The Facebook Dichotomy

| November 23, 2015 | 5 Comments

The next time you’re on the T, or in a waiting room, or on the street, do me a favor. Glance up from your phone for a second and look around. Notice that nearly everyone around you looks identical: head bent down towards a glowing screen, thumbs swiftly tapping and scrolling, headphones plugged into ears, blocking out reality. Technology is pervasive, and social media has become inextricably intertwined with the way we communicate. Statuses, likes, and retweets are now an instantly gratifying mechanism for expressing opinions, connecting with friends, and showing approval. And with the influx of new technology seemingly every day, our dependence on social media is only growing. This is not inherently good or bad for society, but it is important to be careful and aware of how we let social media influence our lives.

Social media definitely has its benefits. In 2010, I competed in the Scripps National Spelling Bee (Yes, I am a nerd), and I met some incredible people there who live all over the world (notably Chicago and Puerto Rico). The magic of Facebook has allowed me to stay in touch with these people who I met in this bizarre vacuum during a week in Washington, D.C. We communicate in other ways: exchanging long, handwritten letters, talking on the phone, and occasionally even reuniting in person, but Facebook is a way for me to stay up-to-date with their lives even though I don’t get to see or talk to them on a daily basis. It’s a convenient way to be connected with people who I care deeply about but live (tragically) far away from me. I smile when I see their picture on my newsfeed, or when they share a link on my timeline, or like an embarrassing picture of me from five years ago.


photo credit: Facebook via photopin (license)

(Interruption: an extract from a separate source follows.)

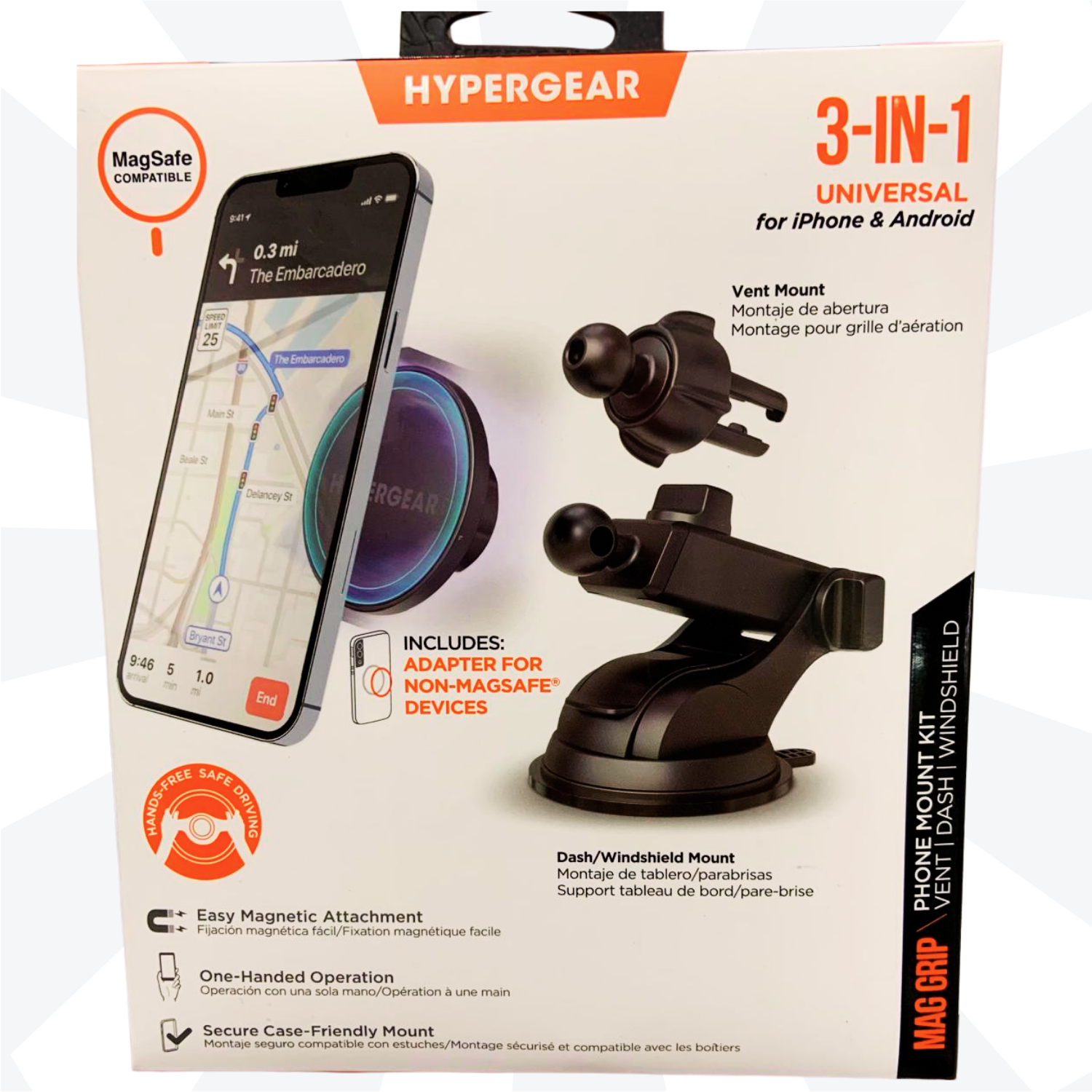 HyperGear Universal Phone Holder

However, there is no doubt that our societal obsession with social media is contributing to the vapidity of the masses. When I scroll through my Instagram feed, absent-mindedly double-tapping, it’s typically full of selfies posted by people who I hardly talk to but am “friends” with. I don’t care about their #outfitoftheday or their artsy pic captioned with a T. Swift lyric, but it’s clear that they are seeking validation for their physical appearance, quantified by the number of likes bestowed upon their selfie by the faceless judges known as “followers”. Again, I don’t think this is inherently bad. I don’t usually post selfies, but sometimes I just look really damn good and I want to share it with the world (and I have been known to caption a photo with an obscure lyric or two). This doesn’t mean I base my self-worth on what people online think of my face. The problem arises when this does become the case, and when our self-obsession reaches the point of a highly edited, filtered selfie every day. Social media provides a forum for people to judge the appearance of often self-conscious and vulnerable girls from a safe distance–behind the screen of their phone.

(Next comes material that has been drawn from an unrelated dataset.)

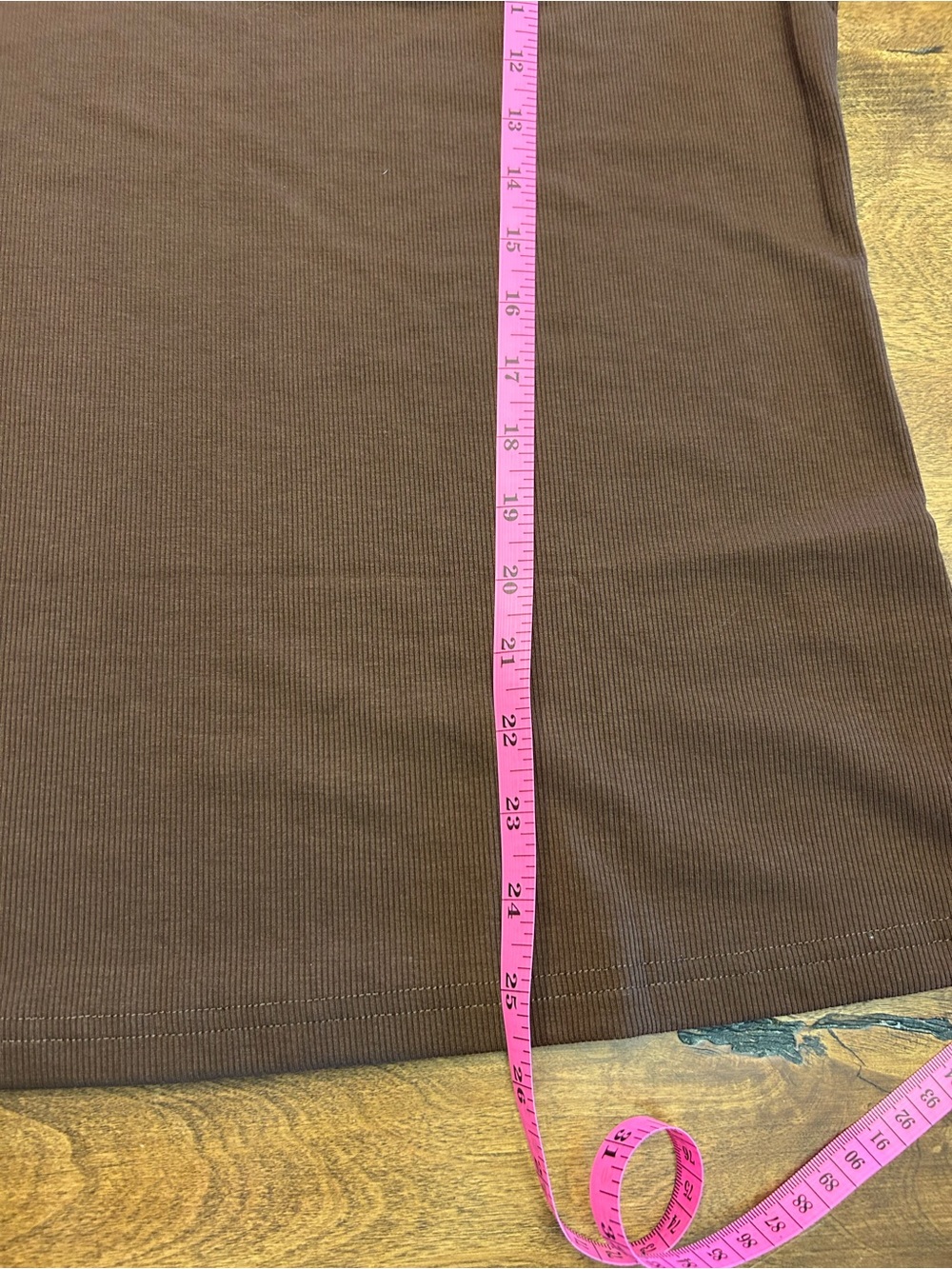 Amazon Women's Brown Long Sleeve Square Neck Top - Picture 5 of 6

Another benefit of the prevalence of social media is the propagation of stories, news, and movements. Hashtags are now a driving force in many social activist movements. It provides a rallying point for people across the globe to unite in solidarity in the face of a tragedy, as we have seen recently with the events at Mizzou and in Paris. We can share everything from issues of injustice (be it toward races, sexes, genders, or abilities), searches for missing children or lost pets, and news stories from around the world, further showcasing the globalization of our society.

This ease of access to and sharing information has its own dark side as well. Social media allows uninformed people to share opinions in the form of memes, reducing complex issues into condensed, inflammatory statements with often no context, background information, or fact-checking whatsoever. I frequently see political opinions shared on Facebook that are offensive, uneducated, and blatantly inaccurate. It also allows well-meaning people to become “inactivists”: to use a hashtag pertinent to a social movement and then feel like they’ve done their part for the cause, even though it has accomplished nothing. Rather than just hashtagging and then scrolling on, feeling like a revolutionary, we can use social media as a platform for informed, constructive discourse intended to actively educate people or accomplish change.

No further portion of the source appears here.